The fact is the American automotive landscape has changed so much that the "cultures" of the Big Three have become blurred. All three car companies seem to have lost their institutional memories. They now seem staffed largely with engineers and executives with little sense of what GM, Ford or Chrysler were and, therefore, little sense of what they should be to compete with the Japanese, Koreans and Germans. Thus, things like the Pontiac Aztec happen.

Thus, come to think of it, there isn't much heritage or culture left to clash between GM and Chrysler. So why shouldn't GM pluck the popular Jeep from the Chrysler tree to complement the Hummer line? Well, maybe that won't happen. The German business daily Handelsblatt reports that Daimler-Benz may want to keep Jeep and sell off the rest of Chrysler Group.

It is perhaps significant that the most attractive part of Chrysler for suitors is Jeep, a make Chrysler itself acquired (from American Motors) years ago. Would GM be interested enough in the Dodge truck line, or Chrysler's minivan know-how (GM never did get its minivans right) to still go ahead with a deal?

As I ponder all the permutations of such an acquisition by GM, it occurs to me that there just might be a sort of full circle aspect to all this. I had forgotten just how Walter Chrysler made the jump from railroads to motor cars. It was with General Motors. Walter Chrysler, a production genius, "saved" Buick during a time of fiscal and managerial crisis, becoming its President in 1912. He left GM in 1920 and it was the millions he made from GM stock awards that enabled him to live comfortably until he got restless, began rescuing several other auto companies and finally formed his own.

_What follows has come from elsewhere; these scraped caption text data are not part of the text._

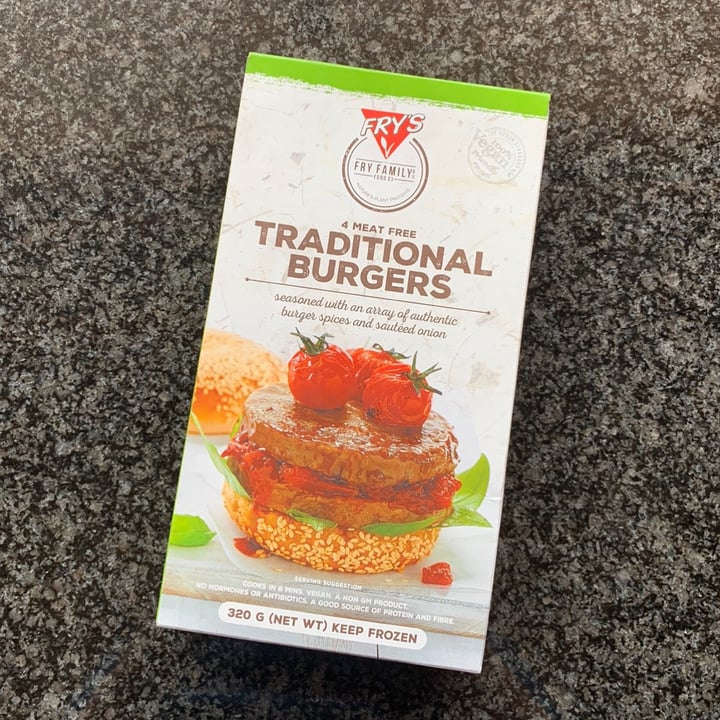 review photo of Fry's Family Food Meat Free Traditional Burgers shared by @karlavisagie on 26 Oct 2020 - review
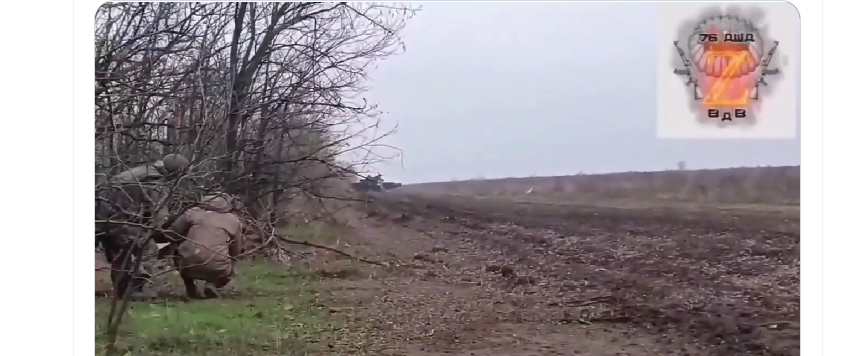 Οι Ρώσοι καταστρέφουν το πολεμικό υλικό τους για να μην πέσει στα χέρια των Ουκρανών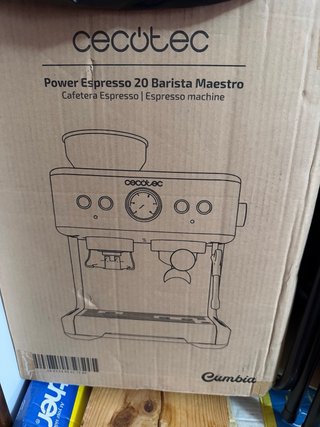 Cafetera Cecotec Express con Molinillo
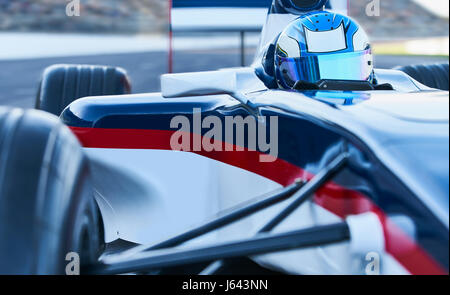 Pilote de voiture de course de Formule 1 sur la piste de sports Banque D'Images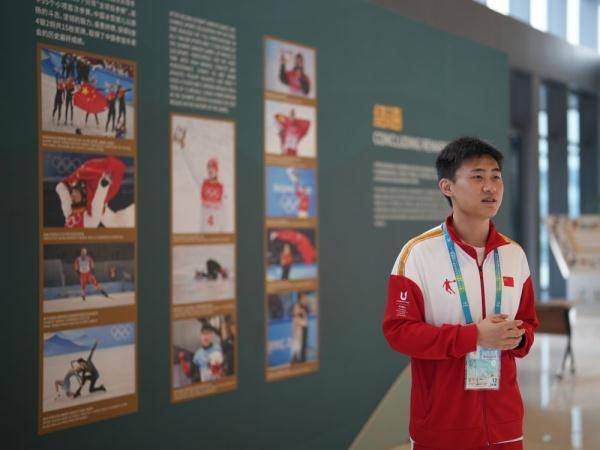 武大靖、刘诗雯鼓励年轻人，体育新闻更好吸引Z世代，中华体育精神颂走进成都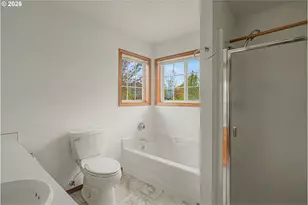 2520 NW Pinehurst Dr, McMinnville, OR 97128 - Photo 26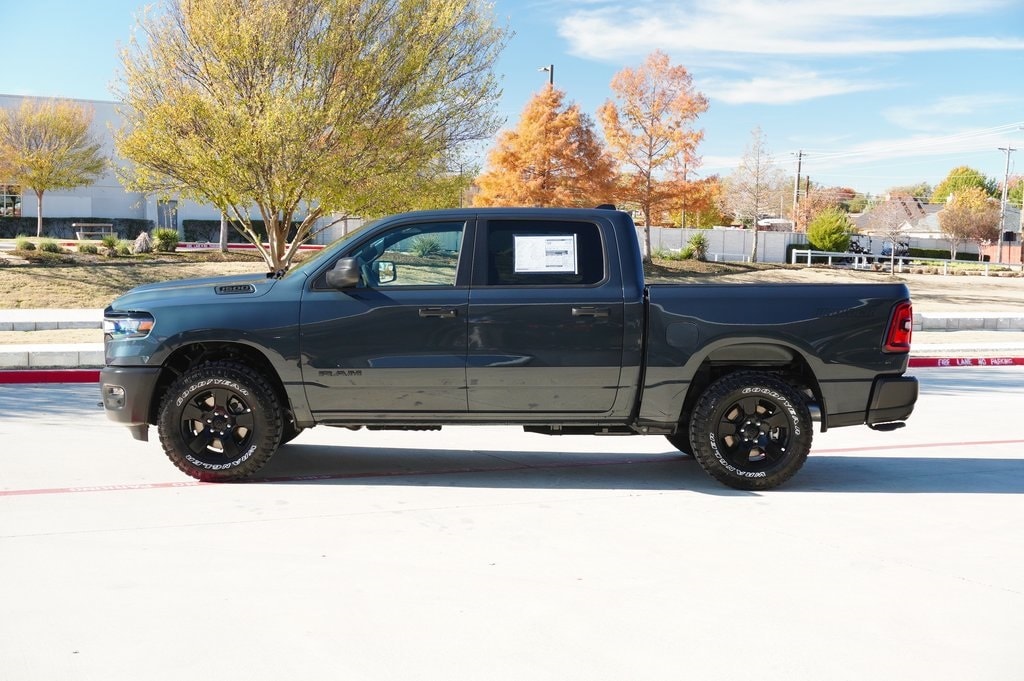 New 2026 Ram 1500 WARLOCK CREW CAB 4X4 5'7 BOX Pickup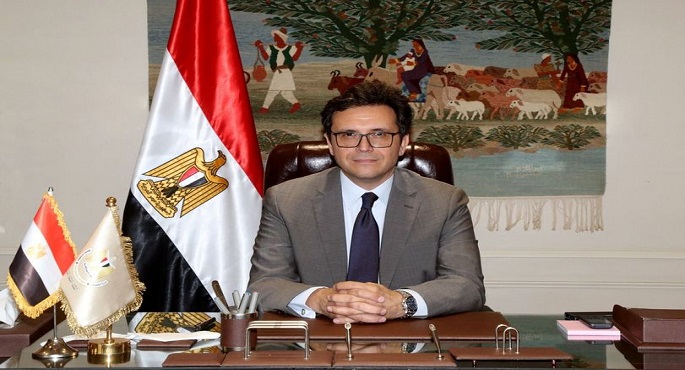 وزير الثقافة يصل الشارقة للمشاركة في مؤتمر الذكاء الاصطناعي واللغويات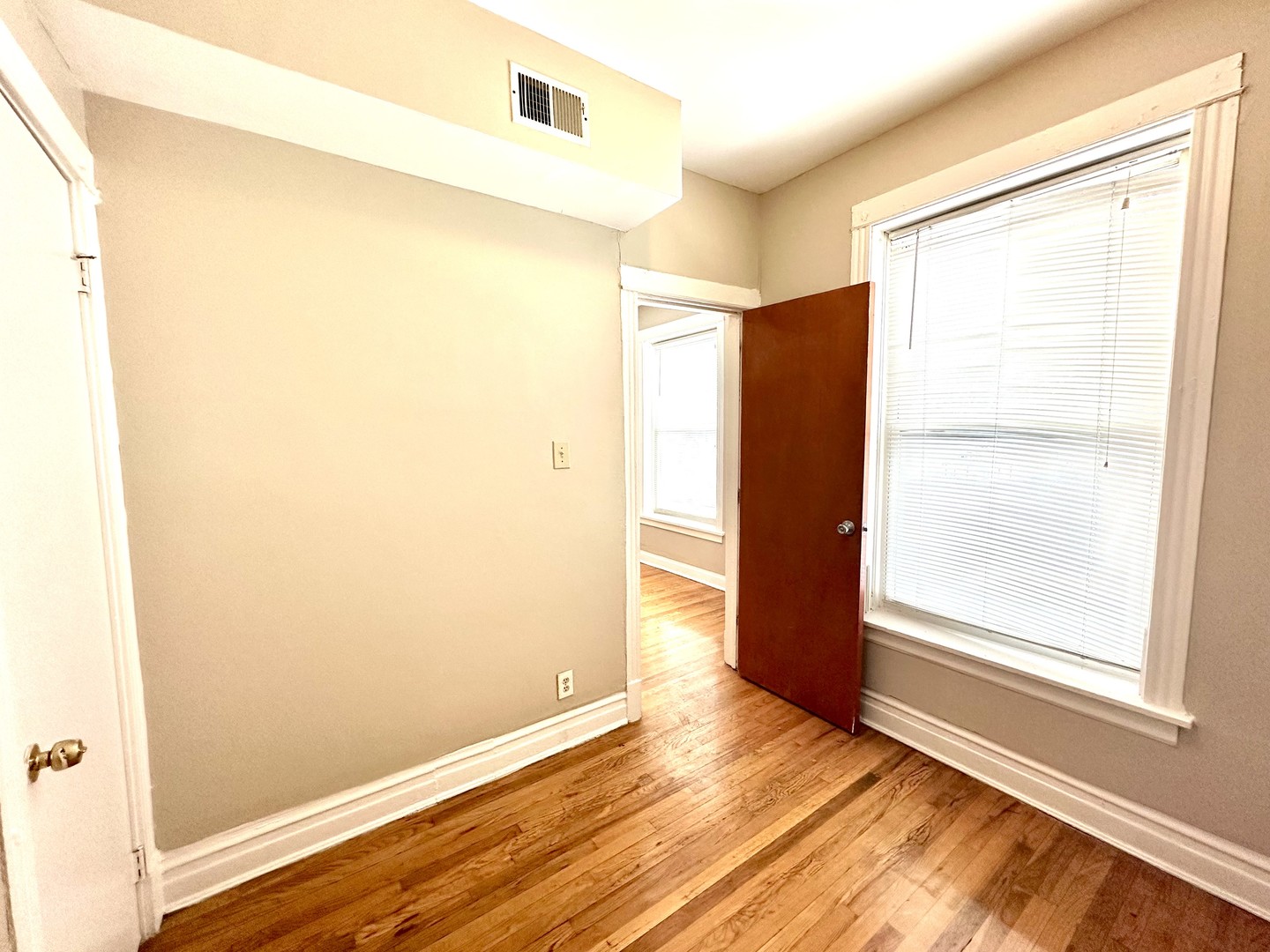 6209 South Justine Street Chicago IL 60636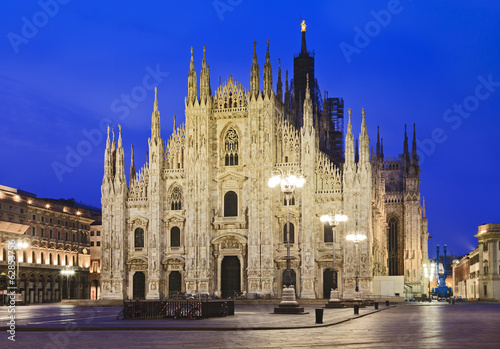 Milan Duomo Right Sunrise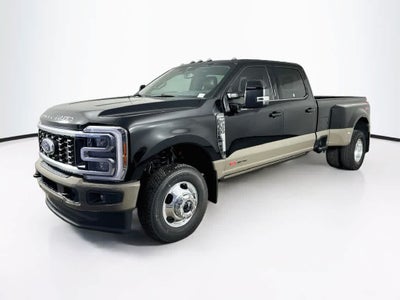 Ford Super Duty F-350 DRW Pickup King Ranch 2026
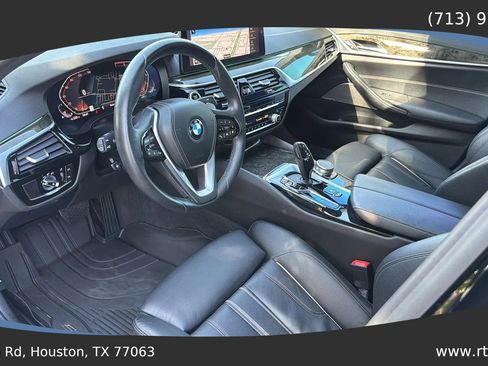Used 2022 BMW 530i w/ Premium Package RWD image 24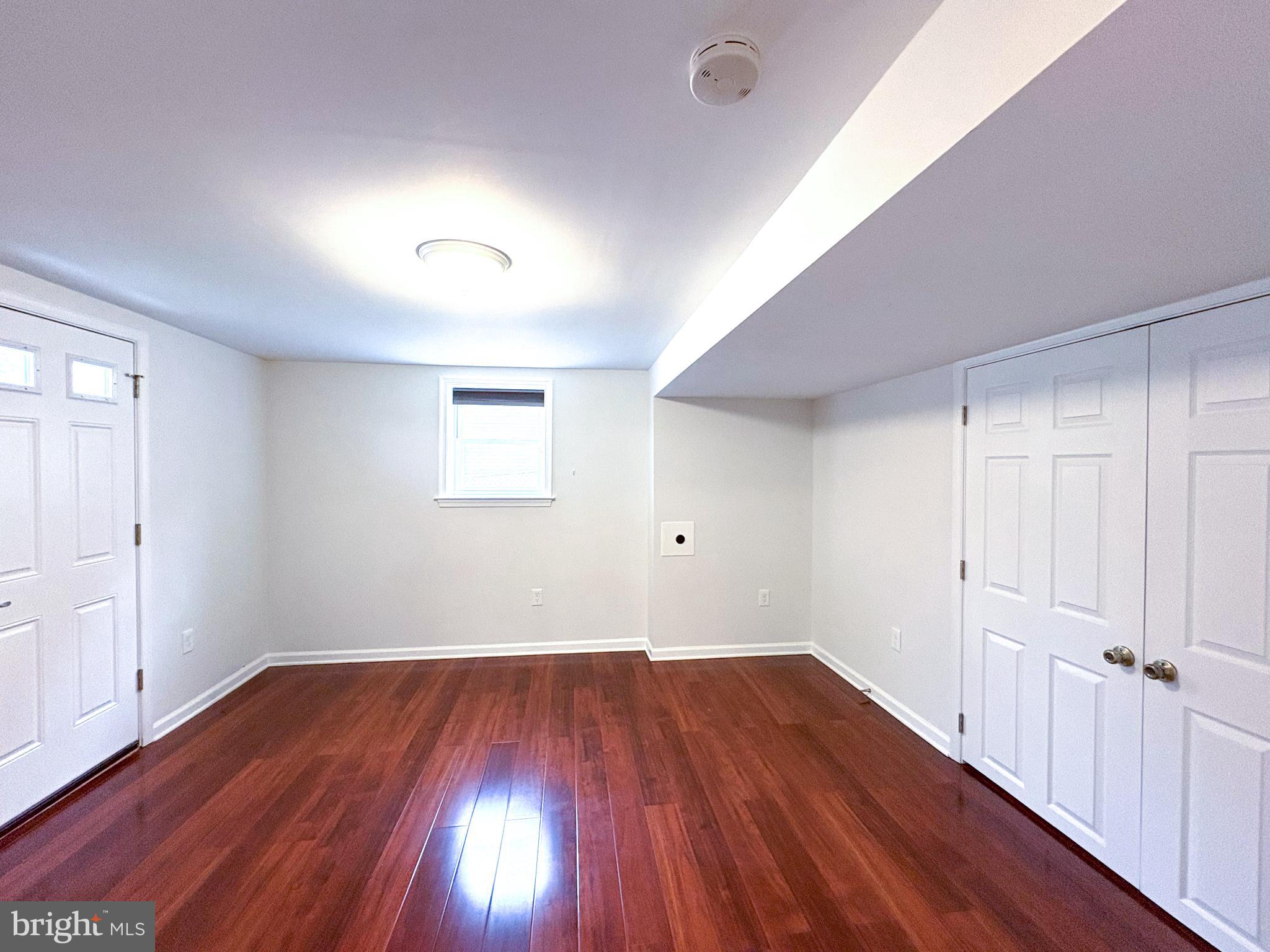 BROADVIEW - Residential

Chrysler had little compunction about moving things around and clearing out inefficient performers when he steered Buick through rough times, rescued Willys-Overland, straightened out Maxwell-Chalmers, and finally guided his own company through the depression, leaving it very healthy when he died in 1940.

So maybe Walter Percy Chrysler would understand and approve of whatever housekeeping GM decided to do with the vestiges of the corporation bearing his name. He would understand it's all part of the auto game.